**Exercise objective**
Extract, exactly as written, the line that contains "Chinese Dragons Fighting" and all lines after it through the end of the records. Omit pictures.

Top of Entries provided

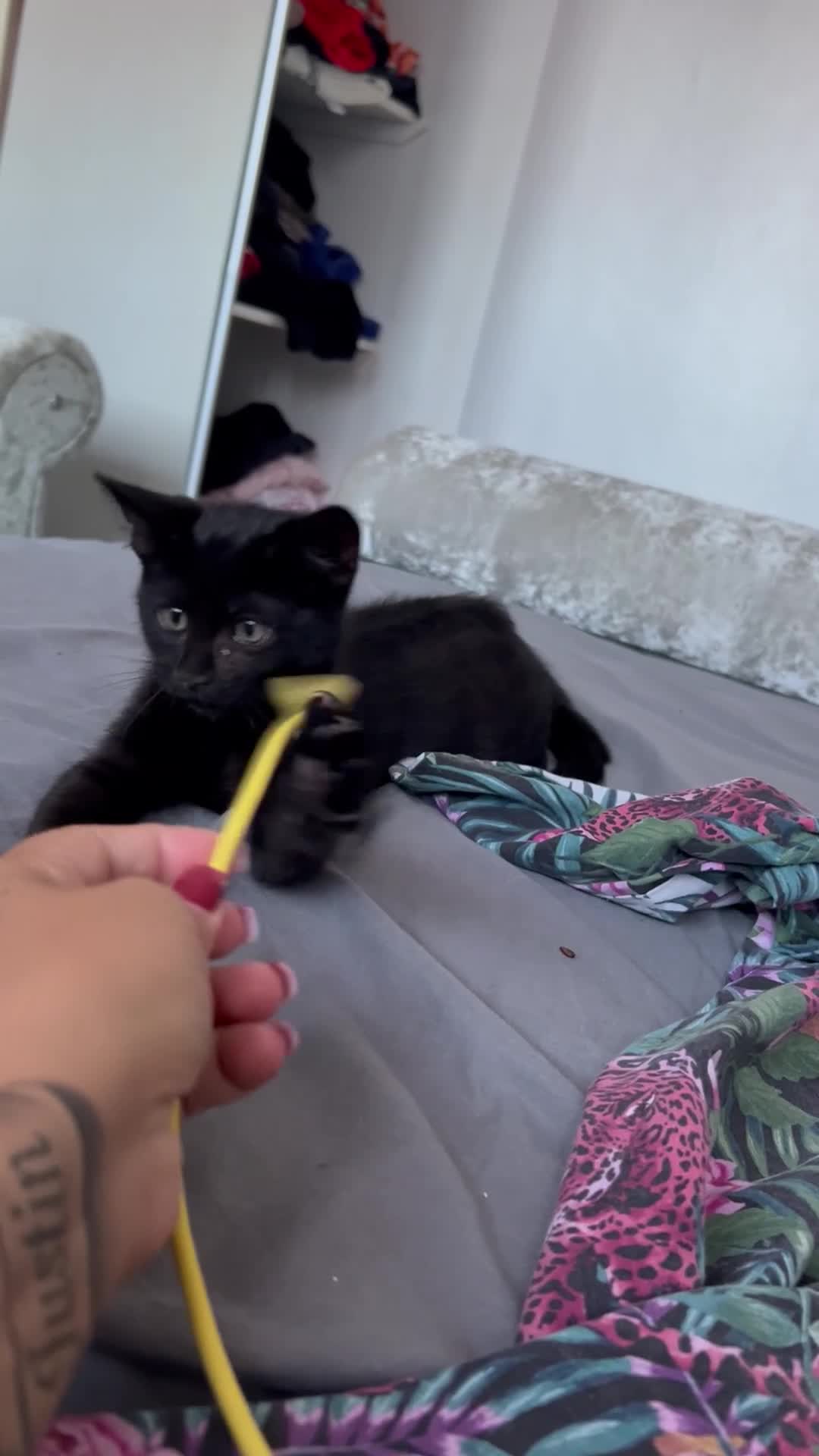 British Shorthair cats for sale:     Beautiful Black Kitten Ready for New Home  - Video 3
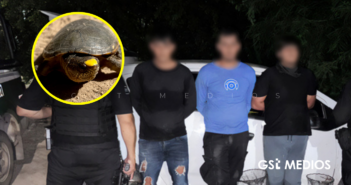 Detienen a tres hombres por capturar tortuga casquito con trampas artesanales en Vallarta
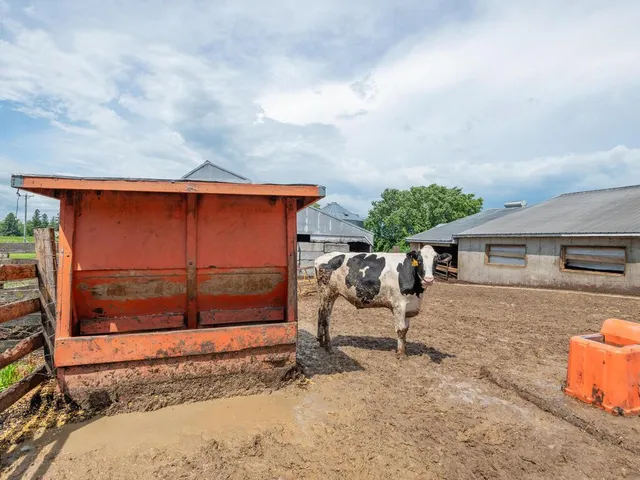 $1,100,000 | 10460 County Road 50, Cologne, MN 55322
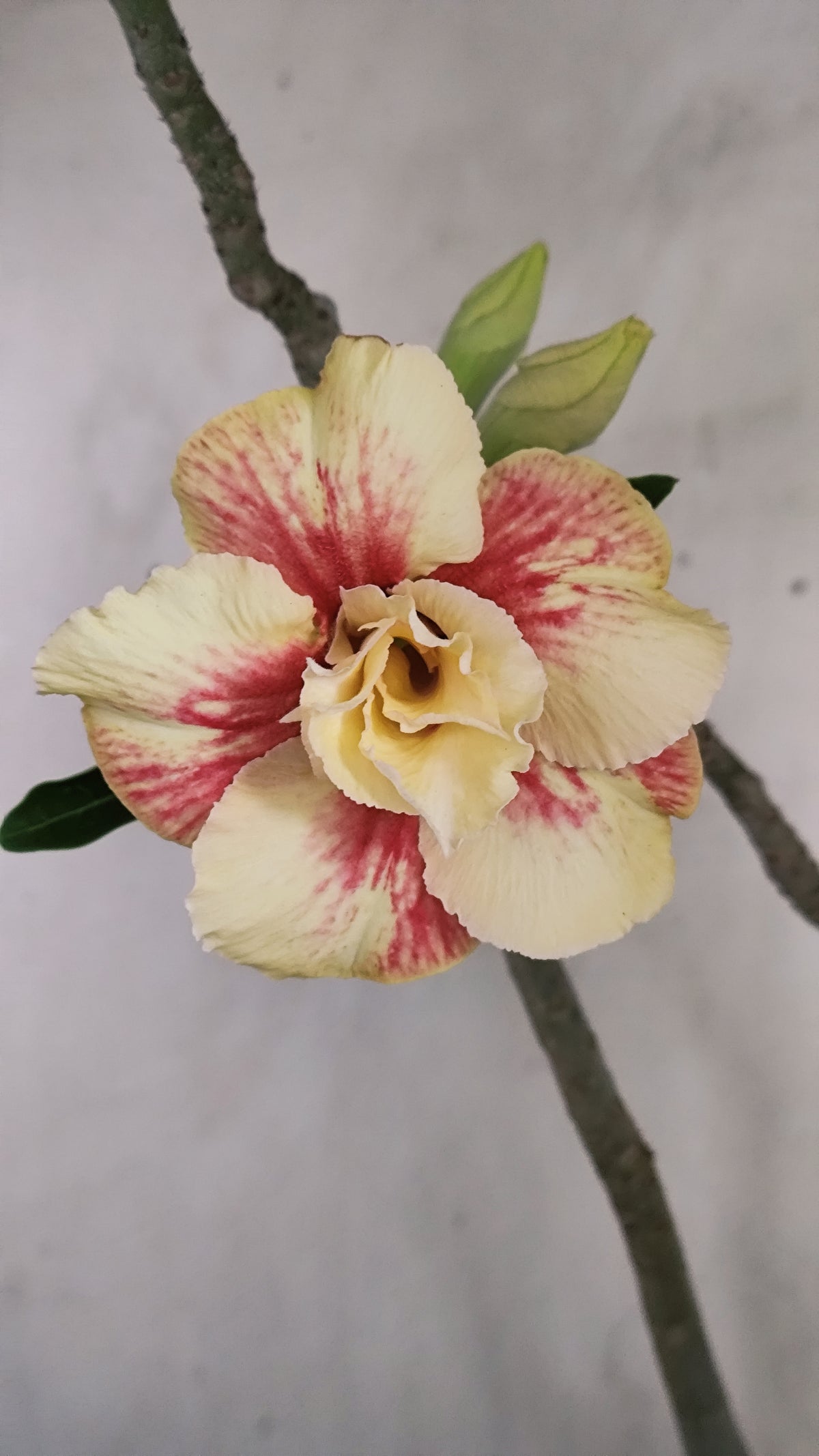 MATRIZ Planta Dobrada 243 –  35cm – 03 anos - Vaso 17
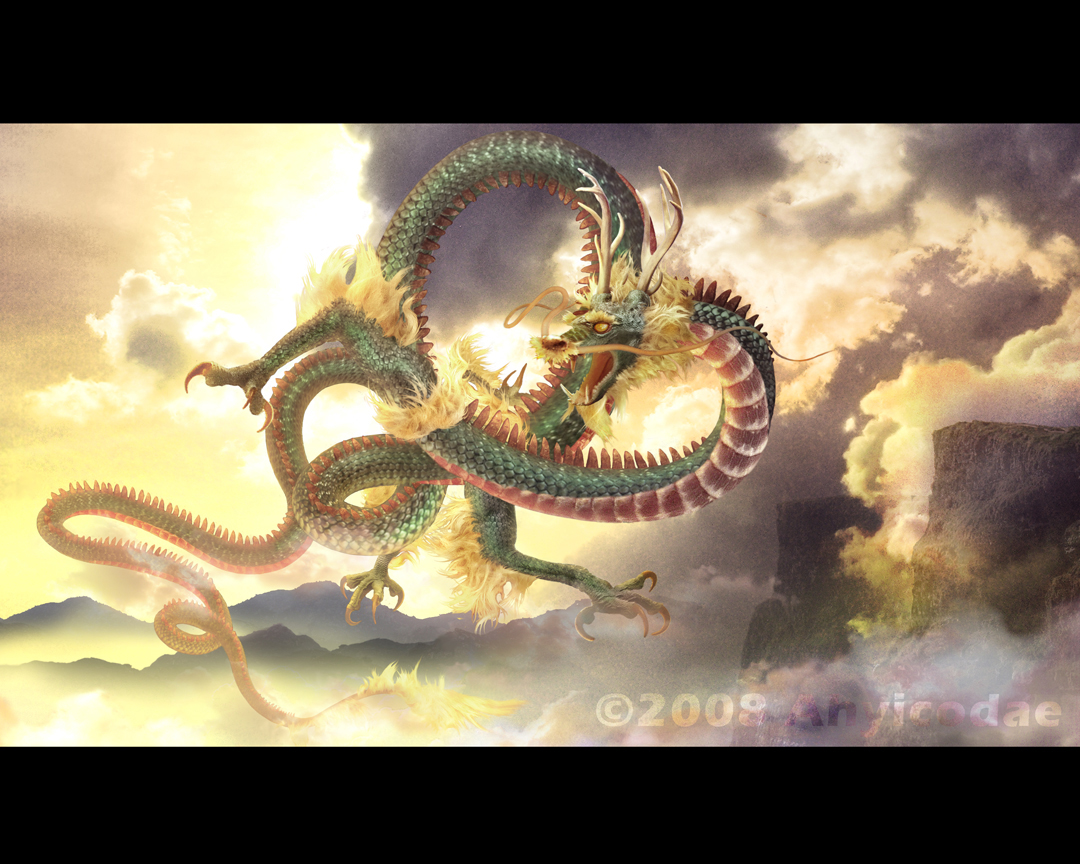 Chinese Dragons Fighting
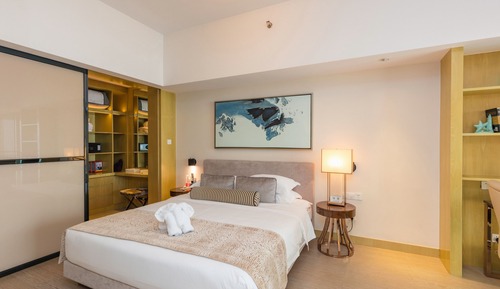 Business Suite, 1 Bedroom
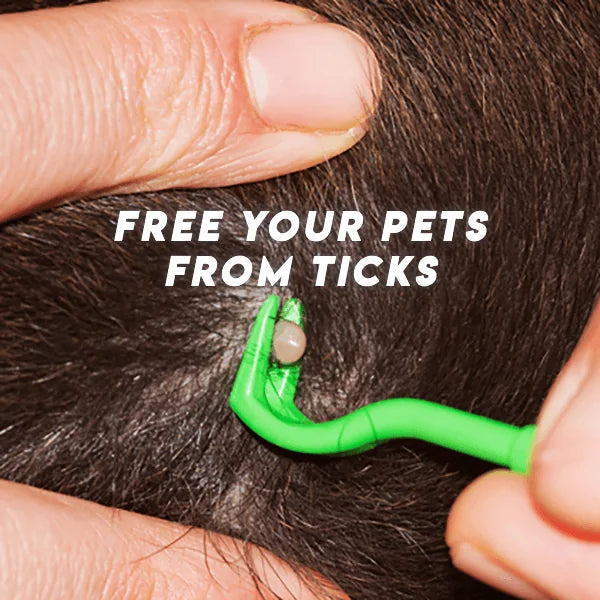 Tick Remover by PetPro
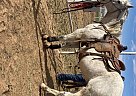 Grey Wolf - Gelding in Odessa, TX Grey Wolf - Gelding in Odessa, TX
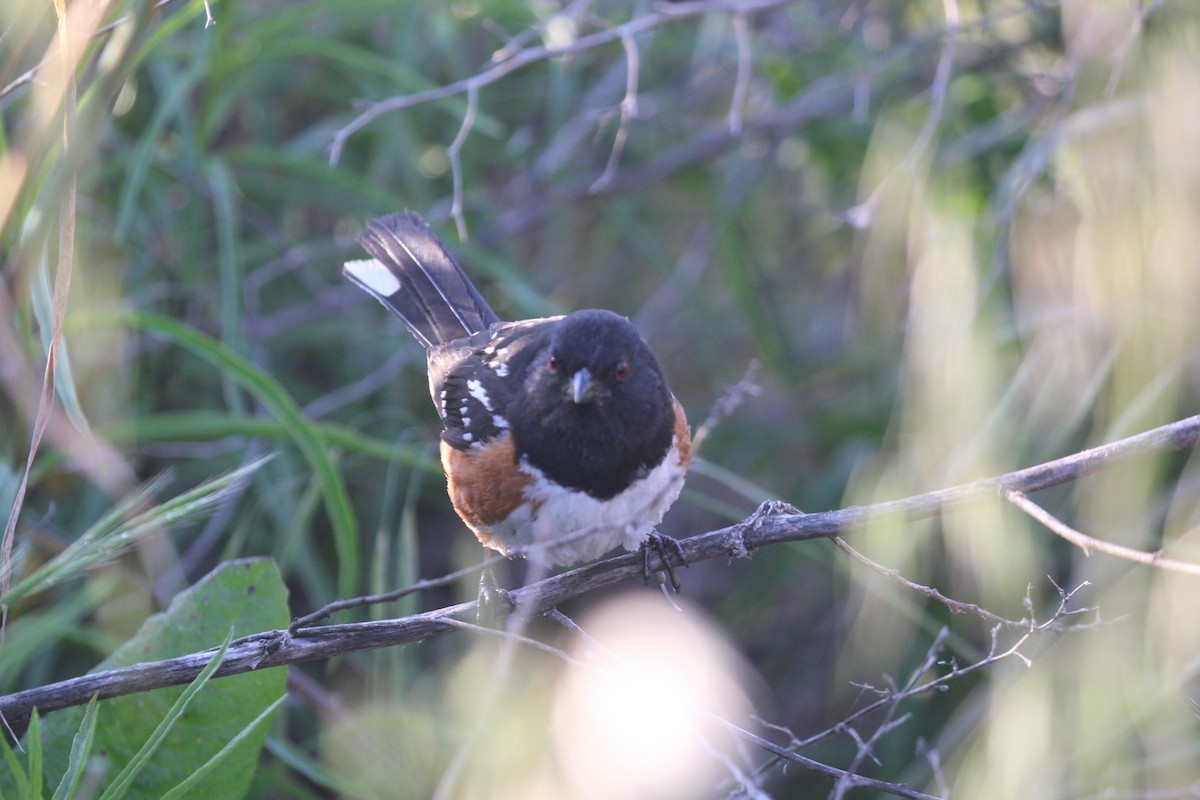 Spotted Towhee - ML618538737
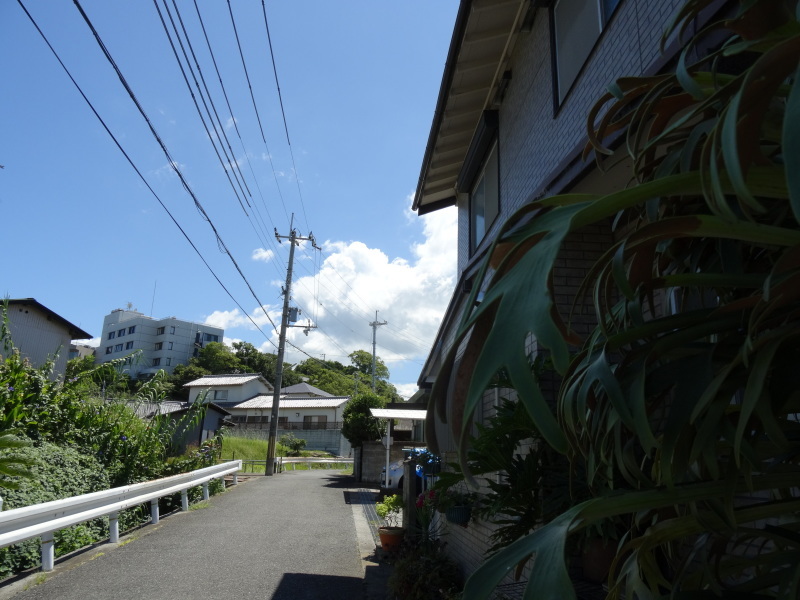 c0108460_15573739.jpg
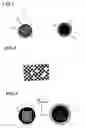 Fig. 02 - Probe Beads for affirnity reaction and detection system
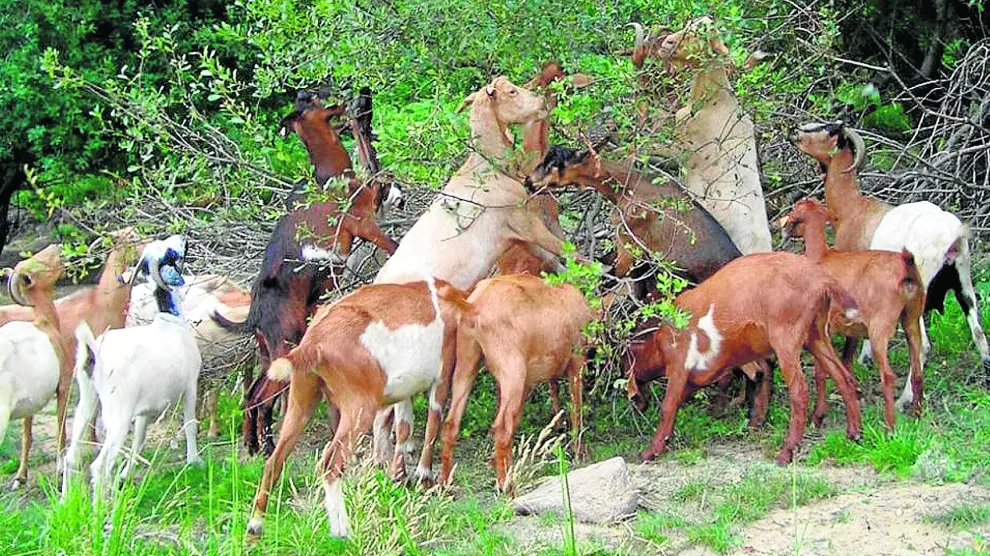 Un rebaño de cabras se alimenta de los pastos existentes bajo los árboles e incluso de los frutos y hojas de sus ramas.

Bottom of Entries provided

**Answer area**
 Chinese Dragons Fighting
 Business Suite, 1 Bedroom
 Tick Remover by PetPro
 Grey Wolf - Gelding in Odessa, TX Grey Wolf - Gelding in Odessa, TX
 Spotted Towhee - ML618538737
 c0108460_15573739.jpg
 Fig. 02 - Probe Beads for affirnity reaction and detection system
 Un rebaño de cabras se alimenta de los pastos existentes bajo los árboles e incluso de los frutos y hojas de sus ramas.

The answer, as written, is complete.